You’ve heard me say this repeatedly over the years. You will forever look at football differently when you realize there are only so many offensive possessions per game. Denver only had eight offensive possessions last week, four in the first half and four in the second half. That’s it. Three of those drives took 22 minutes off of the clock. So while we can lament New York’s offense only running 20 plays in the first half, some of that also had to do with the fact that the defense needs to get the ball back quicker for the offense. The Giants actually moved the ball in the second half of the Denver game. But the pressure to score touchdowns increased dramatically when what had been a 7-3 game quickly turned into a 20-7 game with the Giants offense only having ONE possession during that span. You can’t score when you don’t have the ball.

I talked last week about an early season trend last year by the Giants’ defense of allowing scoring drives at the end of halves. And that unfortunately reared its ugly head again in the opener. As much as the Daniel Jones’ fumble was game-altering, so was the defense’s inability to stop Denver at the end of the first half, including on 4th-and-2. Then at the start of the 3rd quarter, Denver scores on 4th-and-goal. (Also keep in mind that Denver’s first field goal drive occurred after converting on 4th-and-7). That’s 17 points. Denver was 3-of-3 on 4th down and 7-of-15 on 3rd down (it actually felt worse than that given when those conversions came in the game).

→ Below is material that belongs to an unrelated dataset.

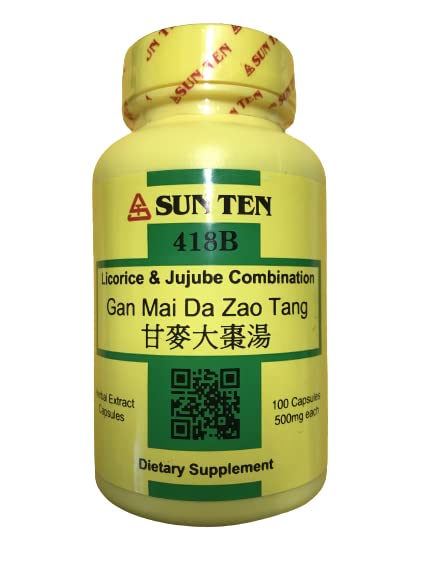 Sun Ten Licorice & Jujube Combination Gan Mai Da Zao Tang Capsules 100
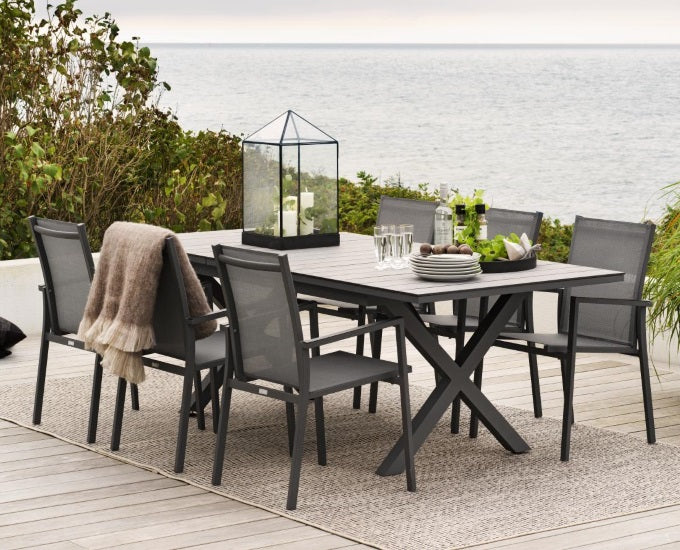 Richmond czarny z szarym blatem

I can talk until I’m blue in the face about this match-up or that match-up, but we all know what the problem with this defense has been: they can’t get off of the field on 3rd down (and now sometimes 4th down). Yes, that is related to the pass rush. Against Denver, the Giants actually were buzzing around the QB more than fans realize and had six official quarterback hits. The Giants are spending a lot of money on that secondary. They have to make more plays on the football. And ideally, pick off some passes. Get the ball back for the offense on a short field. The defense must be the strength of the team this year or the Giants have no chance.

NEW YORK GIANTS ON SPECIAL TEAMS:
C.J. Board gained 66 yards on two kickoff returns last week. That’s very good. Jabrill Peppers gained two yards on one punt return. Joe Judge and Thomas McGaughey may need to break into their bag of tricks soon if the offense continues to struggle.

FROM THE COACH’S MOUTH:
Head Coach Joe Judge on Washington’s defense:They play off what the disruption of the front causes in front of them and they do a good job right there limiting big plays. You play against this team, you have to be prepared to go down the field tick by tick by tick. They’re a very good team situationally getting off the field on third down and red area. They’re a very good team of not allowing explosive plays.

THE FINAL WORD:
It won’t surprise me if the Giants fall to 0-2. It won’t surprise me if the Giants soundly beat Washington. This is not a good division. The quarterback change means nothing to me as a Giants fan. We’ve seen plenty of times where that bites us in the ass. But the Giants have won five in a row against Washington despite their very strong front seven on defense. For whatever reason, Washington doesn’t intimidate New York.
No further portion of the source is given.